In this study, 28 people with “a clear diagnosis of ME/CFS, according to the Centre for Disease Control and Prevention Criteria (the IOM 2015 Diagnostic Criteria), and FM, according to the American College of Rheumatology Criteria (ACR-2011)” alongside 26 matched healthy controls, attended hospital appointments for study assessment on two separate mornings, four days apart. Data collection was performed at the Department of Internal Medicine and Endocrinology of the University Hospital Brussels from August 2015 to March 2017.
At each visit, information relating to the characteristics (such as age and body mass index), general health, and physical activity of the participants was collected using questionnaires. Pain sensitivity was also assessed, and blood samples were taken.
The researchers then used complex methods to prepare the blood samples for epigenetic analysis, and looked at whether there were differences in findings between the participants with ME/CFS/FM and the healthy controls.
What did they find?
Results were complex but, in short, there were significant differences between participants with ME/CFS/FM and healthy controls:
- People with ME/CFS/FM reported significantly worse symptom outcomes compared with healthy controls.
- People with ME/CFS/FM also had a significantly higher pain sensitivity compared to their matched counterparts.
- Participants with ME/CFS/FM showed significantly higher methylation in the OPRM1 promoter region.
Importantly, the findings suggest that the opioid system may indeed be dysregulated in people with ME/CFS/FM.
Limitations
There are several limitations of the study noted by the research team, including:
- The sample size may not have been optimal for the research question, and therefore the results should, according to the authors, be interpreted with “the necessary caution”.

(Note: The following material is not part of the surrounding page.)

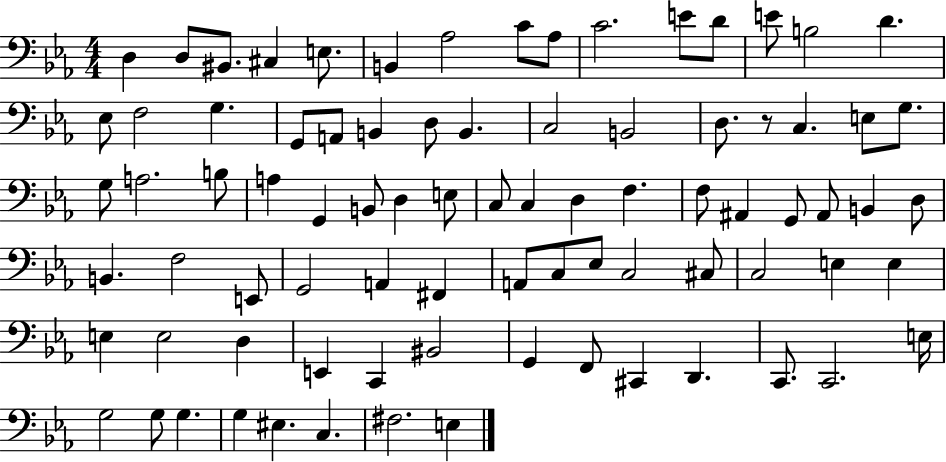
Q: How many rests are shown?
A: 1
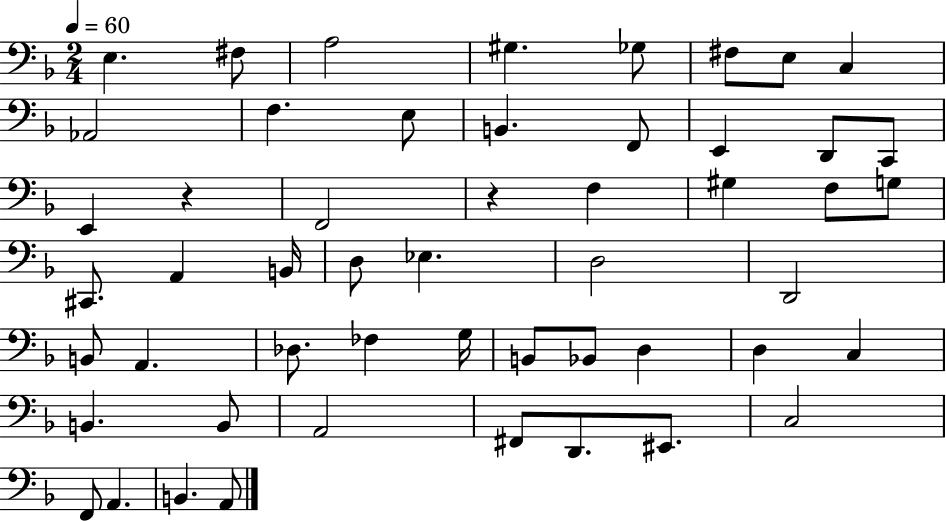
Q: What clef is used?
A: bass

- The methods used provided a “snapshot” of methylation in the OPRM1 promoter region, rather than the whole picture. In the paper the team note that going forward, research should consider “mapping the epigenome on a larger scale“.
Conclusions
The results of this study support dysregulation of the opioid system in people with ME/CFS/FM compared with healthy controls. However, more research is needed to validate the findings of this study in larger sample sizes, and to consider how the results tie into the complex disease mechanisms underlying ME/CFS/FM.
Importantly, the team noted that “To progress in unravelling these mechanisms, we must emphasize the heterogeneous socioeconomic, psychological, and biological nature of the conditions”. ME Research UK adds that in future, it would also be useful to look at whether the dysregulation can be observed in those with ME/CFS, and in those with FM, separately.